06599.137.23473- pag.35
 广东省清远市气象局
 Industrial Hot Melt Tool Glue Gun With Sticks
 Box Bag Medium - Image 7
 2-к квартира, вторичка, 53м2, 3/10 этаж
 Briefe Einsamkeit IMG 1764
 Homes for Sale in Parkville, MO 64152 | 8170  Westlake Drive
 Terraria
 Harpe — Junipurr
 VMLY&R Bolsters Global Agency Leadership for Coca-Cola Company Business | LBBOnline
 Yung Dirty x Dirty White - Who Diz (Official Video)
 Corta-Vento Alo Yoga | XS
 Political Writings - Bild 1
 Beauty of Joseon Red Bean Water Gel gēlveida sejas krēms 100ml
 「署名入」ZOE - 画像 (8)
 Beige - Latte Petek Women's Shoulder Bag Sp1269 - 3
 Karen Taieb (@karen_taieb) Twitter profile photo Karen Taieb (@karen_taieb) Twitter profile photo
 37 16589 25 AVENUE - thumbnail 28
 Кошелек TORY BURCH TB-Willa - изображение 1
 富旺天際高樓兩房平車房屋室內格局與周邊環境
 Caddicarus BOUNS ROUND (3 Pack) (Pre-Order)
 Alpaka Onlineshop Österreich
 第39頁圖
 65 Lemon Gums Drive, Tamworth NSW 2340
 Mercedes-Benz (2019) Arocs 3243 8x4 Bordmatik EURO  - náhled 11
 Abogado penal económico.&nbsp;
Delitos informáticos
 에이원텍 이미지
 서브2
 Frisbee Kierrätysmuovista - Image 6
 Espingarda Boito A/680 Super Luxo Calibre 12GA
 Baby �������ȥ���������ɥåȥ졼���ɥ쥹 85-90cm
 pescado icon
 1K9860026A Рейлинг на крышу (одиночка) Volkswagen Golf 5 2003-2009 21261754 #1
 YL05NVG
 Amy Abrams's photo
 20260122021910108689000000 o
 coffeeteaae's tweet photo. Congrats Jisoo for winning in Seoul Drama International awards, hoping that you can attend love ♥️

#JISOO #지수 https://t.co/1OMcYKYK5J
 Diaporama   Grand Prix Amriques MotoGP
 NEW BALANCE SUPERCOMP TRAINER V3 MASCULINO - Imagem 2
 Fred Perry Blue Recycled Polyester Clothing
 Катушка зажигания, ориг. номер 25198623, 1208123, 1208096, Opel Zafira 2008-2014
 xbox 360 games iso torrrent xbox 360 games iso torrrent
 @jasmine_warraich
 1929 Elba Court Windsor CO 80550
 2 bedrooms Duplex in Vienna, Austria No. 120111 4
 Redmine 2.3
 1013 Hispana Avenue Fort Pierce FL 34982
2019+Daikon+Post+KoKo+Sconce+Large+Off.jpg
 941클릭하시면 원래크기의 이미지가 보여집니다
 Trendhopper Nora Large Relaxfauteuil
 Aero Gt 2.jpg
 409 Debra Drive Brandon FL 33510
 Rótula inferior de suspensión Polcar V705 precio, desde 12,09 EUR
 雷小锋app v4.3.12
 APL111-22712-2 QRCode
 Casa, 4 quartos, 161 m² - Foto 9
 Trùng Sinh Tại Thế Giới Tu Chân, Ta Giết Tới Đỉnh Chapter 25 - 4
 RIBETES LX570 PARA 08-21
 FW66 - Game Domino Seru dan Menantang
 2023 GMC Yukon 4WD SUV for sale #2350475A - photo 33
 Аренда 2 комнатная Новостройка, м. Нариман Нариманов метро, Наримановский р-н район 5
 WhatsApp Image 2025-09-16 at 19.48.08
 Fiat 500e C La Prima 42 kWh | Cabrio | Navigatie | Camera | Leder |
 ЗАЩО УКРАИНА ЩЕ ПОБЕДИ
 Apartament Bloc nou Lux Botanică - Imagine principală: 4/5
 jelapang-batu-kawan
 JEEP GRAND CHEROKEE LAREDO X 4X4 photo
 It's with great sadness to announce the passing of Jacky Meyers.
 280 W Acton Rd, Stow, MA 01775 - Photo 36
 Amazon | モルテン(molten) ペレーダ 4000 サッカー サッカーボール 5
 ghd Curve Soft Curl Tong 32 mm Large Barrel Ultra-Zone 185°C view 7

━━━━━━━━━━

**TASK PROMPT:** Go through the listing and transcribe all of it exactly.

**ANSWER SECTION:**
06599.137.23473- pag.35
 广东省清远市气象局
 Industrial Hot Melt Tool Glue Gun With Sticks
 Box Bag Medium - Image 7
 2-к квартира, вторичка, 53м2, 3/10 этаж
 Briefe Einsamkeit IMG 1764
 Homes for Sale in Parkville, MO 64152 | 8170  Westlake Drive
 Terraria
 Harpe — Junipurr
 VMLY&R Bolsters Global Agency Leadership for Coca-Cola Company Business | LBBOnline
 Yung Dirty x Dirty White - Who Diz (Official Video)
 Corta-Vento Alo Yoga | XS
 Political Writings - Bild 1
 Beauty of Joseon Red Bean Water Gel gēlveida sejas krēms 100ml
 「署名入」ZOE - 画像 (8)
 Beige - Latte Petek Women's Shoulder Bag Sp1269 - 3
 Karen Taieb (@karen_taieb) Twitter profile photo Karen Taieb (@karen_taieb) Twitter profile photo
 37 16589 25 AVENUE - thumbnail 28
 Кошелек TORY BURCH TB-Willa - изображение 1
 富旺天際高樓兩房平車房屋室內格局與周邊環境
 Caddicarus BOUNS ROUND (3 Pack) (Pre-Order)
 Alpaka Onlineshop Österreich
 第39頁圖
 65 Lemon Gums Drive, Tamworth NSW 2340
 Mercedes-Benz (2019) Arocs 3243 8x4 Bordmatik EURO  - náhled 11
 Abogado penal económico.&nbsp;
Delitos informáticos
 에이원텍 이미지
 서브2
 Frisbee Kierrätysmuovista - Image 6
 Espingarda Boito A/680 Super Luxo Calibre 12GA
 Baby �������ȥ���������ɥåȥ졼���ɥ쥹 85-90cm
 pescado icon
 1K9860026A Рейлинг на крышу (одиночка) Volkswagen Golf 5 2003-2009 21261754 #1
 YL05NVG
 Amy Abrams's photo
 20260122021910108689000000 o
 coffeeteaae's tweet photo. Congrats Jisoo for winning in Seoul Drama International awards, hoping that you can attend love ♥️

#JISOO #지수 https://t.co/1OMcYKYK5J
 Diaporama   Grand Prix Amriques MotoGP
 NEW BALANCE SUPERCOMP TRAINER V3 MASCULINO - Imagem 2
 Fred Perry Blue Recycled Polyester Clothing
 Катушка зажигания, ориг. номер 25198623, 1208123, 1208096, Opel Zafira 2008-2014
 xbox 360 games iso torrrent xbox 360 games iso torrrent
 @jasmine_warraich
 1929 Elba Court Windsor CO 80550
 2 bedrooms Duplex in Vienna, Austria No. 120111 4
 Redmine 2.3
 1013 Hispana Avenue Fort Pierce FL 34982
2019+Daikon+Post+KoKo+Sconce+Large+Off.jpg
 941클릭하시면 원래크기의 이미지가 보여집니다
 Trendhopper Nora Large Relaxfauteuil
 Aero Gt 2.jpg
 409 Debra Drive Brandon FL 33510
 Rótula inferior de suspensión Polcar V705 precio, desde 12,09 EUR
 雷小锋app v4.3.12
 APL111-22712-2 QRCode
 Casa, 4 quartos, 161 m² - Foto 9
 Trùng Sinh Tại Thế Giới Tu Chân, Ta Giết Tới Đỉnh Chapter 25 - 4
 RIBETES LX570 PARA 08-21
 FW66 - Game Domino Seru dan Menantang
 2023 GMC Yukon 4WD SUV for sale #2350475A - photo 33
 Аренда 2 комнатная Новостройка, м. Нариман Нариманов метро, Наримановский р-н район 5
 WhatsApp Image 2025-09-16 at 19.48.08
 Fiat 500e C La Prima 42 kWh | Cabrio | Navigatie | Camera | Leder |
 ЗАЩО УКРАИНА ЩЕ ПОБЕДИ
 Apartament Bloc nou Lux Botanică - Imagine principală: 4/5
 jelapang-batu-kawan
 JEEP GRAND CHEROKEE LAREDO X 4X4 photo
 It's with great sadness to announce the passing of Jacky Meyers.
 280 W Acton Rd, Stow, MA 01775 - Photo 36
 Amazon | モルテン(molten) ペレーダ 4000 サッカー サッカーボール 5
 ghd Curve Soft Curl Tong 32 mm Large Barrel Ultra-Zone 185°C view 7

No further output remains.